:: Data
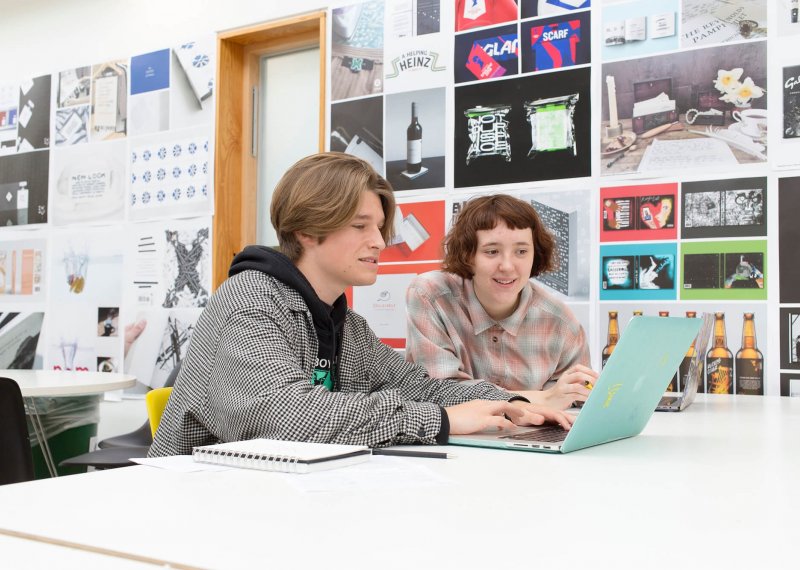 Two Falmouth University students working together at a laptop in a graphic design studio 
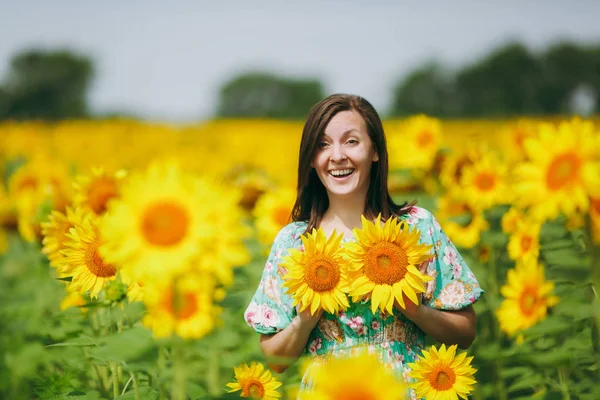 Flicka gäller solros blommor till sitt bröst — Stockfoto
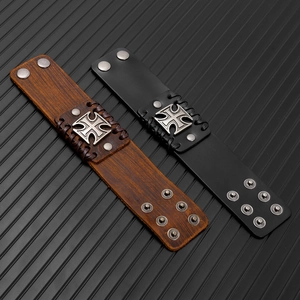 Dettaglio di due bracciali punk in pelle con ciondoli a croce e bottoni a pressione regolabili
::::
Problem details:
Omit the pictures and output all remaining material exactly.

Response below:
 Two Falmouth University students working together at a laptop in a graphic design studio 
 Flicka gäller solros blommor till sitt bröst — Stockfoto
 Dettaglio di due bracciali punk in pelle con ciondoli a croce e bottoni a pressione regolabili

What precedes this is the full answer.